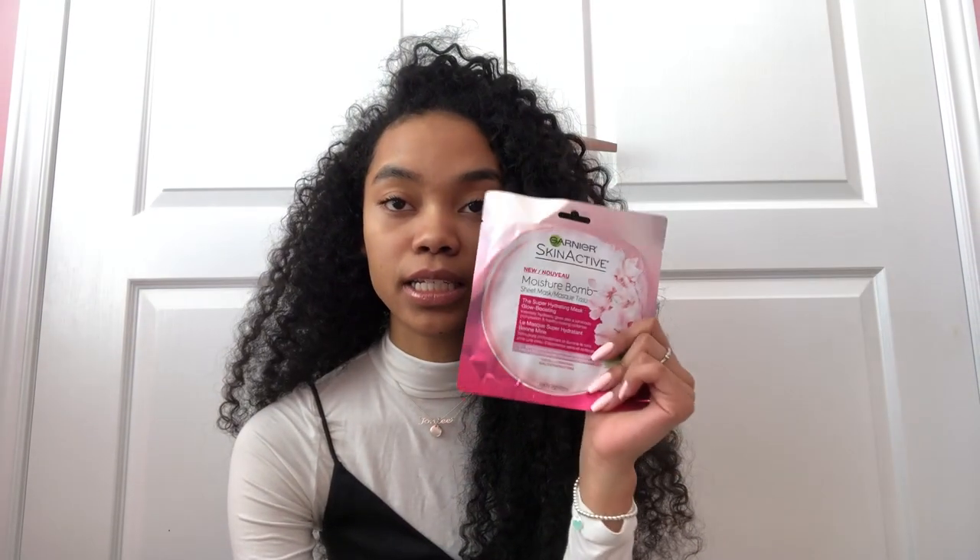Now I'm going to talk about my favorite face masks — I'm a very big face mask kind of girl. My first favorite is this Garnier Skin Active one you can buy from Walmart or Shoppers. I love this face mask — it's really hydrating, makes your skin smooth. It's a sheet face mask and it's probably my favorite sheet mask. It will make your skin so smooth, hydrated, and soft. I definitely recommend picking it up.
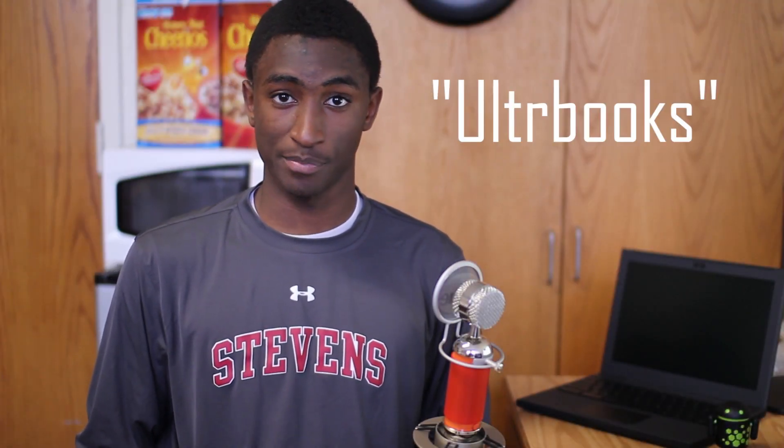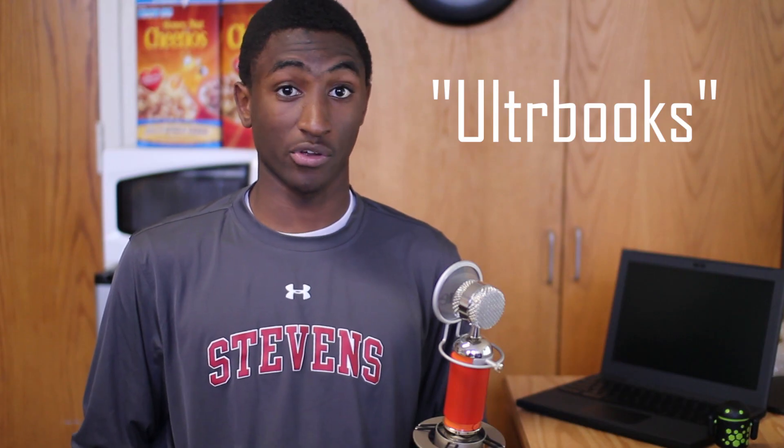Hey, what's up guys, MKBHD here, and today we're going to be talking about ultrabooks. Because to be totally honest, ultrabooks are pretty awesome.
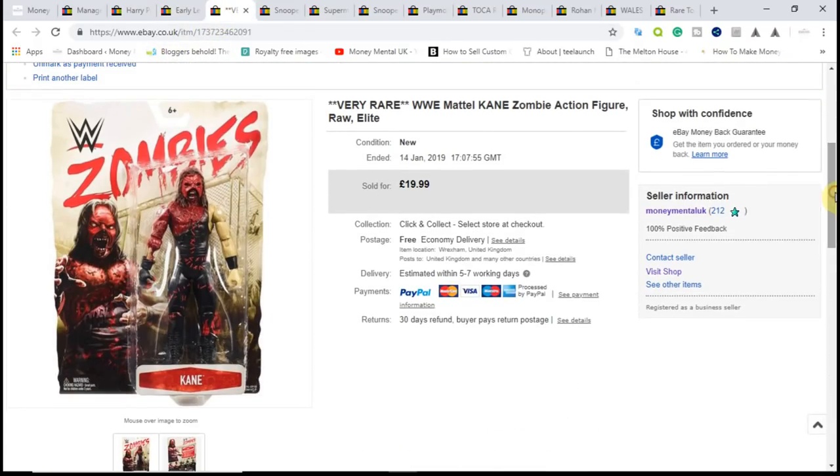Next, another piece of retail arbitrage — it's this cane zombie figure, picked up in Home Bargains for £4.99. I took an offer on this one because I needed to raise funds and sold it for £14 including shipping, giving me about £4 profit in the end. I could have held on a bit longer for an extra couple of pounds, but I was happy to free up the funds to invest in some more products.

▶ **THE TASK**: The answer is to be the lines of the listing from the first through the one with "Hey, what's up", reproduced exactly, without any pictures.

▶ **ANSWER BOX**:
Now I'm going to talk about my favorite face masks — I'm a very big face mask kind of girl. My first favorite is this Garnier Skin Active one you can buy from Walmart or Shoppers. I love this face mask — it's really hydrating, makes your skin smooth. It's a sheet face mask and it's probably my favorite sheet mask. It will make your skin so smooth, hydrated, and soft. I definitely recommend picking it up.
Hey, what's up guys, MKBHD here, and today we're going to be talking about ultrabooks. Because to be totally honest, ultrabooks are pretty awesome.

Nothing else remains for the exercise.